Although not perfect, I think using using is important to ensuring that unmanaged resources are cleaned up in a timely manner.
However, I'm writing some ADO.NET code and noticed that almost every class implements IDisposable. That leads to code that looks like this.
using (SqlConnection connection = new SqlConnection(connectionString))
using (SqlCommand command = new SqlCommand(query, connection))
using (SqlDataAdapter adapter = new SqlDataAdapter(command))
using (SqlCommandBuilder builder = new SqlCommandBuilder(adapter))
using (DataSet dataset = new DataSet())
{
command.Parameters.AddWithValue("#FirstValue", 2);
command.Parameters.AddWithValue("#SecondValue", 3);
adapter.Fill(dataset);
DataTable table = dataset.Tables[0];
foreach (DataRow row in table.Rows) // search whole table
{
if ((int)row["Id"] == 4)
{
row["Value2"] = 12345;
}
else if ((int)row["Id"] == 5)
{
row.Delete();
}
}
adapter.Update(table);
}
I strongly suspect I do not need all of those using statements.

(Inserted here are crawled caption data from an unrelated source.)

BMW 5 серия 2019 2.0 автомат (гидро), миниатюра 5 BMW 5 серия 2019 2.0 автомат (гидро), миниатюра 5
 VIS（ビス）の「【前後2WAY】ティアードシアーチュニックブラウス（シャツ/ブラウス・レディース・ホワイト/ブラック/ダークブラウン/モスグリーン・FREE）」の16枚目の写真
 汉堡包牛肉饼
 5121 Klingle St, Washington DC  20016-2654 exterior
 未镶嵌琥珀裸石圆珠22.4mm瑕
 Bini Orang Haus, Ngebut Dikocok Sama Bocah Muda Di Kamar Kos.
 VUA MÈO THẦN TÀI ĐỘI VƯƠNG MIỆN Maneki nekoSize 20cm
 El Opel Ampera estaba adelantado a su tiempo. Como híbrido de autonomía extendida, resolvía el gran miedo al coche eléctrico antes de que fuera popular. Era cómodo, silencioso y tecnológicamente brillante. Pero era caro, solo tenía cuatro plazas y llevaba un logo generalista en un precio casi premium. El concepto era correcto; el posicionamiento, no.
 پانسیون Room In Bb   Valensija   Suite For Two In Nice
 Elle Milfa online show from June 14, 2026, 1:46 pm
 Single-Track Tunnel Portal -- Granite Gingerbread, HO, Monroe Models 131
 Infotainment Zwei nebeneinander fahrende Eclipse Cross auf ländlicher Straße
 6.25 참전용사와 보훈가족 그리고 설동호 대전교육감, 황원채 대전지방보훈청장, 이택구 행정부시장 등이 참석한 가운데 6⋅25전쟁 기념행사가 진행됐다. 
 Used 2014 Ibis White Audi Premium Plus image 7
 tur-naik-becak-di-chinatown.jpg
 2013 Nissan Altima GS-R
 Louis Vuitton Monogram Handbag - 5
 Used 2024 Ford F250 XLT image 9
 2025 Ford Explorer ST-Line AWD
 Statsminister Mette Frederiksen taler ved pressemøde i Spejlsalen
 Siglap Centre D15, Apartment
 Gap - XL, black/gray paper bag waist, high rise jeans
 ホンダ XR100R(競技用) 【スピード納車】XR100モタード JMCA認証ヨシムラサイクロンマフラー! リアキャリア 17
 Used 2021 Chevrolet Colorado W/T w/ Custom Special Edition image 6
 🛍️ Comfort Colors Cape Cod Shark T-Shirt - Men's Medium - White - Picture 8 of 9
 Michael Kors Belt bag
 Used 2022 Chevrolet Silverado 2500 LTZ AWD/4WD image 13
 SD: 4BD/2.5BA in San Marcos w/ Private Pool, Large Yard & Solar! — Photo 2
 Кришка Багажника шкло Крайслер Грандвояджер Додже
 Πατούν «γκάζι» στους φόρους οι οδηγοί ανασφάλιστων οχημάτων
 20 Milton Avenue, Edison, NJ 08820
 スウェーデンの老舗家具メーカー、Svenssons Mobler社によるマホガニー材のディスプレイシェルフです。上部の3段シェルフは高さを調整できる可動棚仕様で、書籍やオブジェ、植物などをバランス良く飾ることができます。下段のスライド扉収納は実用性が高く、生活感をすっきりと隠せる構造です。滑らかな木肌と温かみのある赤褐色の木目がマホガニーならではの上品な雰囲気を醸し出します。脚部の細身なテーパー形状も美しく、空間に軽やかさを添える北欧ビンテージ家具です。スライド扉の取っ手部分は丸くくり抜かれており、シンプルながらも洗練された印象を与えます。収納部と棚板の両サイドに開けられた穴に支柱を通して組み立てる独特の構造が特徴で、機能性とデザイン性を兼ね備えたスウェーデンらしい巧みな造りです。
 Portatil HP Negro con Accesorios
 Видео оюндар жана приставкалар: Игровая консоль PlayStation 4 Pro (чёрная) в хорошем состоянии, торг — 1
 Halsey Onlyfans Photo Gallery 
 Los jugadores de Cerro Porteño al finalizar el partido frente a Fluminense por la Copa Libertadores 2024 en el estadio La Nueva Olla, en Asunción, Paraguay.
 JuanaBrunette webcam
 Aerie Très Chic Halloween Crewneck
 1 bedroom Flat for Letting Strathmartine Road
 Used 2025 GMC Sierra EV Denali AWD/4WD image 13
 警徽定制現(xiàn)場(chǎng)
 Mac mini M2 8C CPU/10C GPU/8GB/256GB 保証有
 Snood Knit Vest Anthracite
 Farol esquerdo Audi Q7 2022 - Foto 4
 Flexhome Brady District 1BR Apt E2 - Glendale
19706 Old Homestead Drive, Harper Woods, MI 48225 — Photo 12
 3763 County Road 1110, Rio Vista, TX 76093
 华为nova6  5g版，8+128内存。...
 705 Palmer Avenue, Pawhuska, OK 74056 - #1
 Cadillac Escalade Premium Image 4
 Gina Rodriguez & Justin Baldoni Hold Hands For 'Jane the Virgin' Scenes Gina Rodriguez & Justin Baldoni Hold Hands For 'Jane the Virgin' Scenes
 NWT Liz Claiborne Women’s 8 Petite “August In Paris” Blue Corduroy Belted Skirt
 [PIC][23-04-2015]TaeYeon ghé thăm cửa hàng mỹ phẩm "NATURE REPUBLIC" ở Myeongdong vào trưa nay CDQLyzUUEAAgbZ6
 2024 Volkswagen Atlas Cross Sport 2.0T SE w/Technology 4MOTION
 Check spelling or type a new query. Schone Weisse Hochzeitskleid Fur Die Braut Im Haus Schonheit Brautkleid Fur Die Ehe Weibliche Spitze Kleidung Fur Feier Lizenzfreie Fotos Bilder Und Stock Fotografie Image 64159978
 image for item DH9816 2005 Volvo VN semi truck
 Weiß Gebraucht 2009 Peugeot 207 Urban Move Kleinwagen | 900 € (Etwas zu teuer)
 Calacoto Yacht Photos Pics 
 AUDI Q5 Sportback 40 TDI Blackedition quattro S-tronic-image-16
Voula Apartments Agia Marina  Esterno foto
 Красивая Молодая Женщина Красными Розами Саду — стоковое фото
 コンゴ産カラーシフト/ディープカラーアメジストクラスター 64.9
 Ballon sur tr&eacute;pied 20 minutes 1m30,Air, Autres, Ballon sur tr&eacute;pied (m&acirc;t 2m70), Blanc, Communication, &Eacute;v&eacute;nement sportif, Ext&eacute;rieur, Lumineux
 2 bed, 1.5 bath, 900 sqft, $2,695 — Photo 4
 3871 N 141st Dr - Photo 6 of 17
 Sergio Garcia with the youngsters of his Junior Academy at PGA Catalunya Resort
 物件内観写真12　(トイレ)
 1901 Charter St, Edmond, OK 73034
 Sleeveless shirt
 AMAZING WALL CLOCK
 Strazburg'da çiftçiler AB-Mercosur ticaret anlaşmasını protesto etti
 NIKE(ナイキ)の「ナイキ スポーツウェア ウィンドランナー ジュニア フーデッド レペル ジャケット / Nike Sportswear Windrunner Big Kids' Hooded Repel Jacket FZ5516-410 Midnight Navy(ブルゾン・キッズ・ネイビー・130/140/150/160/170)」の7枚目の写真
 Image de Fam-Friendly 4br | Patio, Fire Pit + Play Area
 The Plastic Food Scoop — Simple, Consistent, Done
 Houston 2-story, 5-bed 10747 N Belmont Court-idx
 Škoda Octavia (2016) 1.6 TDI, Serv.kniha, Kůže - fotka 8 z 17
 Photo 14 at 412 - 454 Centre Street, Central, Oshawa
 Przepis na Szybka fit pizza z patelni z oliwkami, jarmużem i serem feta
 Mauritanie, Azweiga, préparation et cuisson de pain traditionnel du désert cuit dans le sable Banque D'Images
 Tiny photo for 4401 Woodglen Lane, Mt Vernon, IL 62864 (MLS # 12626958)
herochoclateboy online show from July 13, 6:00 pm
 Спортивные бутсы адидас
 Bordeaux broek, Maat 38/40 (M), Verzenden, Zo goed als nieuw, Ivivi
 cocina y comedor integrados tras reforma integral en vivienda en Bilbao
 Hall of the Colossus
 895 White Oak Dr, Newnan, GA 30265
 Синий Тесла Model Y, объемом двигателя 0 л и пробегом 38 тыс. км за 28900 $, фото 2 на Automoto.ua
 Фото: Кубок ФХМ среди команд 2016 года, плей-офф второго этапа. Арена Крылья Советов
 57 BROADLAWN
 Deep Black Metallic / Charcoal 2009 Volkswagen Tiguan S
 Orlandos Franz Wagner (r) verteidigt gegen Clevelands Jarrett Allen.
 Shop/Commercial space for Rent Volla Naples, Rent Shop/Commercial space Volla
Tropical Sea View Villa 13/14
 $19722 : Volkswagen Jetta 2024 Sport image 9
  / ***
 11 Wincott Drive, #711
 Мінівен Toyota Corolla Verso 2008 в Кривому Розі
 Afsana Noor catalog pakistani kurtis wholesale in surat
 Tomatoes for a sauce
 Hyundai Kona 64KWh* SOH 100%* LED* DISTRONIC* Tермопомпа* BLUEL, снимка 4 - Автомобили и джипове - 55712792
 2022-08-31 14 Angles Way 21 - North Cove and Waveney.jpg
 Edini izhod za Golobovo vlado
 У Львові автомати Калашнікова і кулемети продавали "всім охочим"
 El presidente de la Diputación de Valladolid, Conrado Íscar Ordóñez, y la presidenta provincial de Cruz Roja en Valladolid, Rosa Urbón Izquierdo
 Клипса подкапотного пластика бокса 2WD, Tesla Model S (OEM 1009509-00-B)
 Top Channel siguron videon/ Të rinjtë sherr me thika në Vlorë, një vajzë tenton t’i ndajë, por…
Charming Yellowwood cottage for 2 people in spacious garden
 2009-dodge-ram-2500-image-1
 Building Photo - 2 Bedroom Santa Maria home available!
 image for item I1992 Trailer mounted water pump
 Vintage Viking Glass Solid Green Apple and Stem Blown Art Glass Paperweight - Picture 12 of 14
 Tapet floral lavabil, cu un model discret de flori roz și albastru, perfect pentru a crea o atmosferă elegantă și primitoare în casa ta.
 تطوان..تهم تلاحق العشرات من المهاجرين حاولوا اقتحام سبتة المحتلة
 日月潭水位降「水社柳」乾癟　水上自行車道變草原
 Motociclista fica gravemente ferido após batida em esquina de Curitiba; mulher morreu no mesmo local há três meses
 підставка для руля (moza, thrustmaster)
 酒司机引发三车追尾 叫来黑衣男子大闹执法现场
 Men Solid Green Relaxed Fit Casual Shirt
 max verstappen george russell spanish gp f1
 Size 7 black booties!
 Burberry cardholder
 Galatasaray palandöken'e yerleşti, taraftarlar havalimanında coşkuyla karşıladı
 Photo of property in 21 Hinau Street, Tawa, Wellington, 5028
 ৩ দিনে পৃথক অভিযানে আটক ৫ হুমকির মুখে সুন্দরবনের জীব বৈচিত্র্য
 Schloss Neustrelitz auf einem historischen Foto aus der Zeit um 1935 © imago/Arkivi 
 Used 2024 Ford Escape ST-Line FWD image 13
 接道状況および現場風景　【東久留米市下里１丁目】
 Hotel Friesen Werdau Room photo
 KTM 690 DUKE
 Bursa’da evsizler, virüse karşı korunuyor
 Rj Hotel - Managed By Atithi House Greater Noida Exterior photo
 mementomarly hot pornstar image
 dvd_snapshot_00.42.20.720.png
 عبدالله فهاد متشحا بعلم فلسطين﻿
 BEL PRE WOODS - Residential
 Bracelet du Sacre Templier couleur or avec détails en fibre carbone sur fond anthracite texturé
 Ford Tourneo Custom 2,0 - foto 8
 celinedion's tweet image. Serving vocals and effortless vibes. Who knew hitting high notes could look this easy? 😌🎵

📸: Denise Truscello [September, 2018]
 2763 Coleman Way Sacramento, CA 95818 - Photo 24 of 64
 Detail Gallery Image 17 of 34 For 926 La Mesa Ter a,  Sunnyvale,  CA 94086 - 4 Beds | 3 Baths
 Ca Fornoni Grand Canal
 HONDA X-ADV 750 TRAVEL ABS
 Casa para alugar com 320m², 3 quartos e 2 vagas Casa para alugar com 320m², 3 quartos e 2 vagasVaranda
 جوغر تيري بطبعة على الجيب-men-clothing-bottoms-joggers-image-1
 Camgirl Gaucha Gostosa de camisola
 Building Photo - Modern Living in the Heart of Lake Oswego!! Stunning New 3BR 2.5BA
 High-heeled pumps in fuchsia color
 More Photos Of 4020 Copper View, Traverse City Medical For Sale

But without understanding the code for each class in some detail, it's hard to be certain which ones I can leave out. The results is kind of ugly and detracts from the main logic in my code.
Does anyone know why all these classes need to implement IDisposable? (Microsoft has many code examples online that don't worry about disposing many of these objects.) Are other developers writing using statements for all of them? And, if not, how do you decide which ones can do without?
One part of the problem here is that ADO.NET is an abstract provider model. We don't know what a specific implementation (a specific ADO.NET provider) will need with regards to disposal. Sure, we can reasonably assume the connection and transaction need to be disposed, but the command? Maybe. Reader? Probably, not least because one of the command-flags options allows you to associate a connection's lifetime to the reader (so the connection closes when the reader does, which should logically extend to disposal).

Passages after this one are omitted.